Après sa victoire bien méritée sur le Bayern, le PSG retrouvera donc la finale de la Ligue des champions, le 30 mai prochain à Budapest, face à Arsenal FC.
L’histoire continue de s’écrire à grande vitesse pour Paris Saint-Germain. Une semaine après le spectaculaire 5-4 du match aller au Parc des Princes, les hommes de Luis Enrique ont validé leur billet pour une nouvelle finale de UEFA Champions League en résistant au Bayern Munich (1-1), mercredi soir, dans une Allianz Arena sous tension.
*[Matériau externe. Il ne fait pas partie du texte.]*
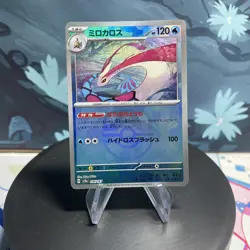 Pokemon Milotic | 036/187 | Japanese | Terastal Festival | Masterball | NM - Image 1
Au coup de sifflet final, les tribunes parisiennes ont explosé de joie. « Paris est magic ! », « On est en finale ! », scandaient les nombreux supporters du club de la capitale ayant fait le déplacement en Allemagne, conscients d’assister à une nouvelle page majeure de l’histoire européenne du PSG.
Dembélé frappe d’entrée, Paris impose sa loi
Qualifiés au coup d’envoi grâce à leur succès de l’aller, les Parisiens ont immédiatement frappé fort. Dès les premières minutes, bien servi par Fabián Ruiz, Khvicha Kvaratskhelia a trouvé Ousmane Dembélé au cœur de la surface. L’international français n’a laissé aucune chance à Manuel Neuer pour inscrire son troisième but de la double confrontation et placer Paris sur orbite dès la 3e minute.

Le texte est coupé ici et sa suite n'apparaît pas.